▶ **PROMPT**
Pictures must not appear in the copy. Reproduce exactly, and only, the lines from the one with "Led Mirrors For" through the end of the data below.

▶ **DATA SECTION**

-----

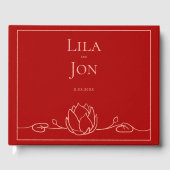 Lotus Personalisiert Wedding Guestbook Gästebuch (Vorderseite)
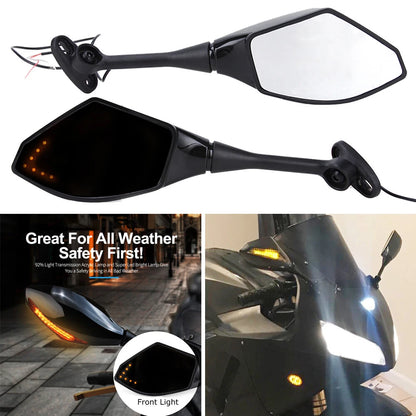 Led Mirrors For Honda CBR250R CBR300R CBR500R CBR600RR CBR1000RR 2014 2015 2016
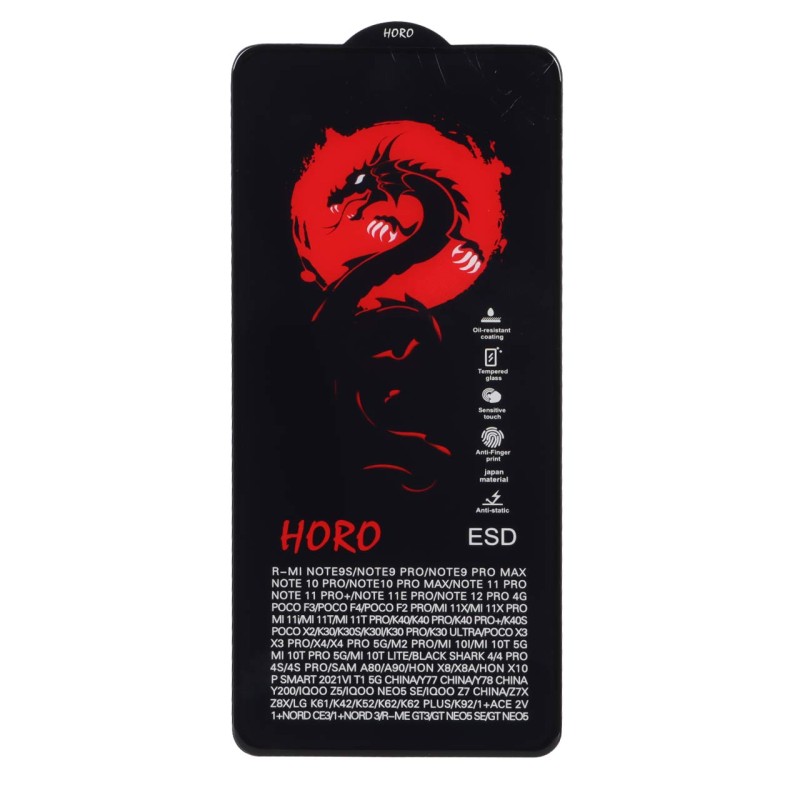 محافظ صفحه نمایش شیشه ای Full Cover ESD Horo مدل Xiaomi Poco X3 / Poco X3 Pro / Redmi Note 9S / Redmi Note 9 Pro / Redmi Note 9 Pro Max / Poco F5 Pro / Mi 12T / Mi 12T Pro / Mi 11T / Mi 11T Pro / Mi 10T / Mi 10T Pro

-----

▶ **RESPONSE TO THE EXERCISE**
 Led Mirrors For Honda CBR250R CBR300R CBR500R CBR600RR CBR1000RR 2014 2015 2016
 محافظ صفحه نمایش شیشه ای Full Cover ESD Horo مدل Xiaomi Poco X3 / Poco X3 Pro / Redmi Note 9S / Redmi Note 9 Pro / Redmi Note 9 Pro Max / Poco F5 Pro / Mi 12T / Mi 12T Pro / Mi 11T / Mi 11T Pro / Mi 10T / Mi 10T Pro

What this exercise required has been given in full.